You never know when I might play a wild card on you!
Today's Wild Card author is:
ABOUT THE AUTHOR:
Dannah Gresh is a bestselling author, a speaker, and the creator of the Secret Keeper Girl live events. Her books include Six Ways to Keep the “Little” in Your Girl, 8 Great Dates for Moms and Daughters, And the Bride Wore White, and Lies Young Women Believe (coauthored with Nancy Leigh DeMoss). She and her husband have a son and two daughters and live in Pennsylvania.
Visit the author's website.
SHORT BOOK DESCRIPTION:
Bestselling author Dannah Gresh empowers moms of with six proactive ways to raise sons age 8-12 to be honest, confident, and respectful. This encouraging, practical resource shows how the formative years can shape a godly, healthy teen and adult. Includes engaging activity ideas, and Scriptures to pray over sons.
List Price: $13.99
Paperback: 208 pages
Publisher: Harvest House Publishers (February 1, 2012)
MY THOUGHTS AND REVIEW:
I have 2 sons (13 and 10). I hope and pray that they will be gentlemen after God's own heart...men of honor, integrity, and purity. I'm thankful for a wonderful resource such as this book. Six Ways to Keep the "Good" in Your Boy is good for helping parents instill goodness in their son's character and guide their son through challenges from his tween years to his teen years. The author talks about the importance of being a connecting mom and understanding male brain.

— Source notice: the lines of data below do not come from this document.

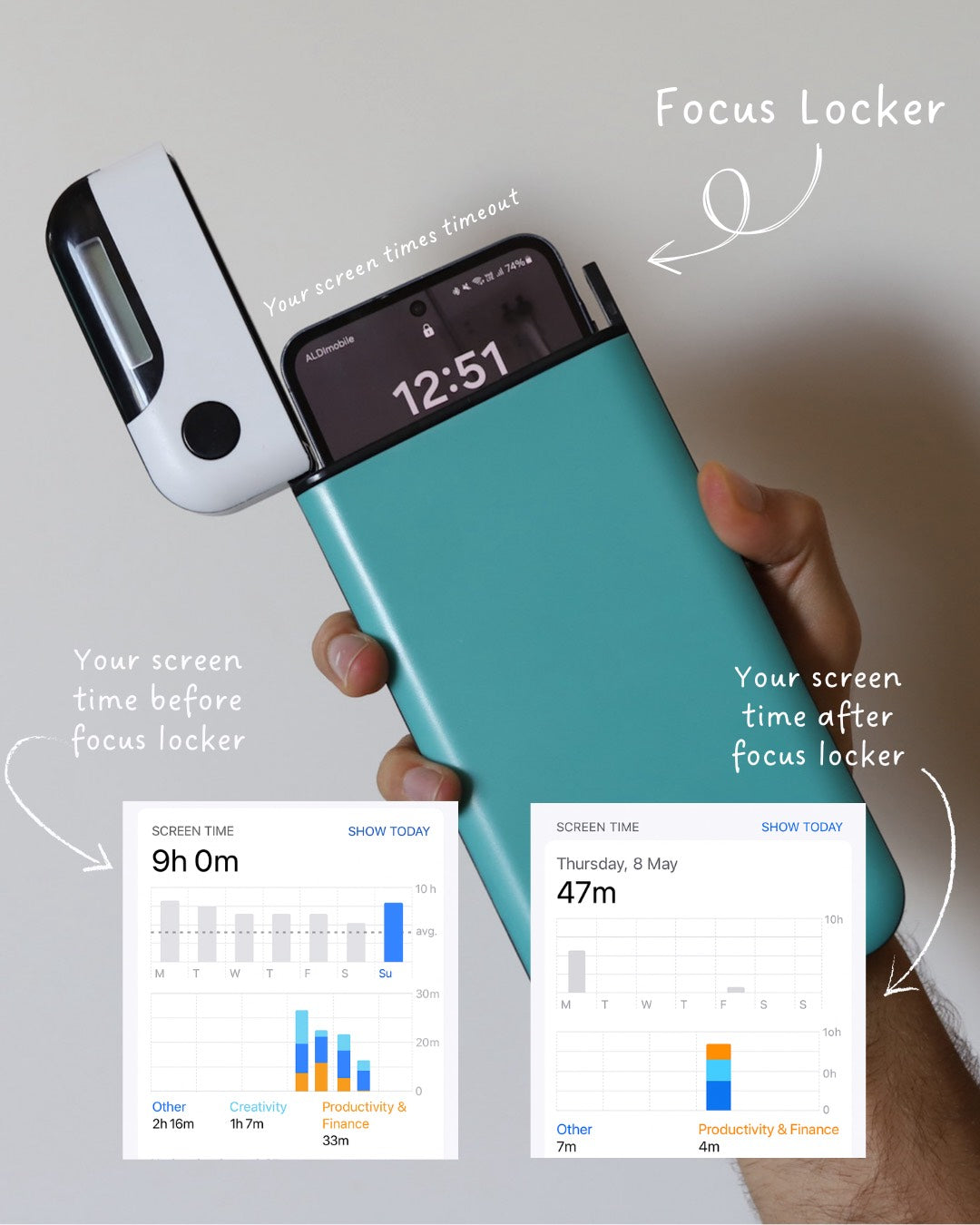 Keepin Phone Locked™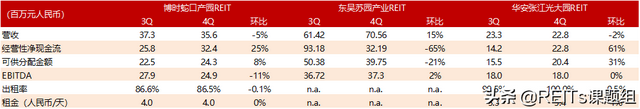 中国REITs行业：优惠政策或将推动REITs发展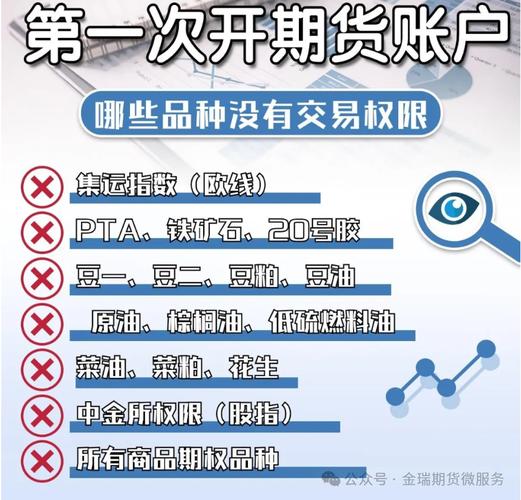 原油期权开户条件_原油期权手续费计算_个人投资者开通期权的条件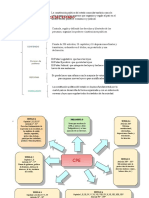 Mapas Conceptuales de La Constitucion Politica Del Peru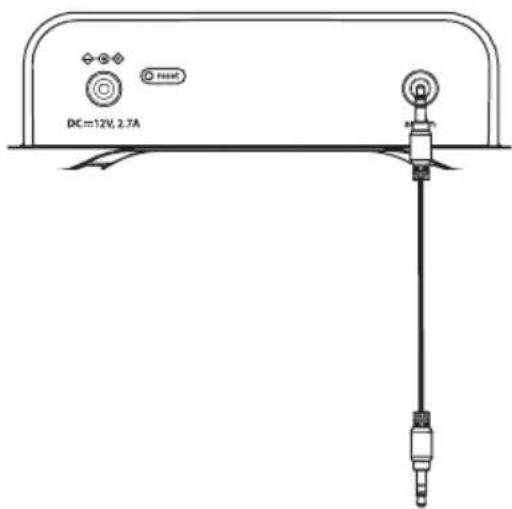 DC:12V, 2.7A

The virtues/goodness coverd in this book include self-control, integrity, honor, responsibility, purpose, purity, family love, and respect. I think it's neat that the author's husband, Bob Gresh shares insights from a dad's perspective and adds his random thoughts. There are also sections just for single moms written by Angela Thomas. The author addresses different hot issues that affect boys such as pornography, aggressive girls, video games, etc. The book also lists some suggested websites and books for readers to check out. There's a bonus section: Seeing the Gift of ADD and ADHD written by Bob Gresh. I really appreciate practical ideas and Biblically sound advice I get from this book. One thing that I think we're more strict on than the Gresh family is the dating standards. Our family prefers courtship :). If you have a son, you will find this book quite helpful.
Is There a Mouse in
That Cookie Box?
A box of cookies and a dead mouse.
Dear Grace Prep:
Recently some boys from your school came here to deliver cookies to my daughter and me. They also raked our leaves. I’m embarrassed to say that I didn’t trust them. I am sorry. (For the record, they were really yummy cookies.)
I think God sent those boys here.
You see, my husband—my daughter’s father—died recently and it has been tough. Just that morning my daughter and I kind of put a test out there for God. We prayed, saying, “If you’re really there and you really see us, show up!”
When he did, we didn’t recognize him right away. But I have no doubt that God sent those high-school boys to remind us that he sees us.
Not so long ago, average mid-twentysomethings, both male and female, had achieved most of the milestones of adulthood: high school diploma, financial independence, marriage, and children. These days [the males] hang out in a novel sort of limbo, a hybrid state of semi-hormonal adolescence and responsible self-reliance. 2
- Over 50 percent of young men will have become sexually active in a casual-sex culture where they’re likely to have an average of 9.7 sexual partners before they graduate from college. 4 (There goes his purity.)
- Most of them will be exposed to porn as a tween or early teen, with the median age of first exposure being about 11. This catapults many of them into a world of double-mindedness where they are one boy at home and in public—and another entirely in their private world. (There goes his integrity.)
- Many will have succumbed to an emasculated version of manhood that strips them of their drive to be leaders and protectors who do good. (There goes his honor.)
While Six Ways to Keep the “Little” in Your Girl cried
out for us to band together against the culture’s pressure for our little girls to grow up too fast, this book pleads with you to join us in raising sons who are prepared to embrace the responsibility of growing up.
Bad boys display a “heightened destructive self-absorption, in all its melancholy stages.” In essence, we go bad when “we lose sight of our obligation to others.” 5
Myth Number One: “that masculinity is responsible for the world’s ills and femininity is the world’s salvation.” 6
Myth Number Two: “males destroy, females create; males stand in the way of positive spiritual/social values; males are inherently violent.” 7
Good…boys…have learned to take seriously the very notion, the desirability of goodness—living up to the Golden Rule. 8
but overcome evil with good.
The ultimate reason we must raise our boys to be good is that it reflects the character of God. His goodness is a bedrock truth of Scripture and is inseparable from his nature. If we are to be a picture of him, we must possess goodness. He is good not only in a general sense, but he is good to us and forus. This element of his character expresses his selflessness and desire to exist on behalf of others. When people are good, they act toward and for others, as opposed to losing sight of others as their own needs and desires consume them.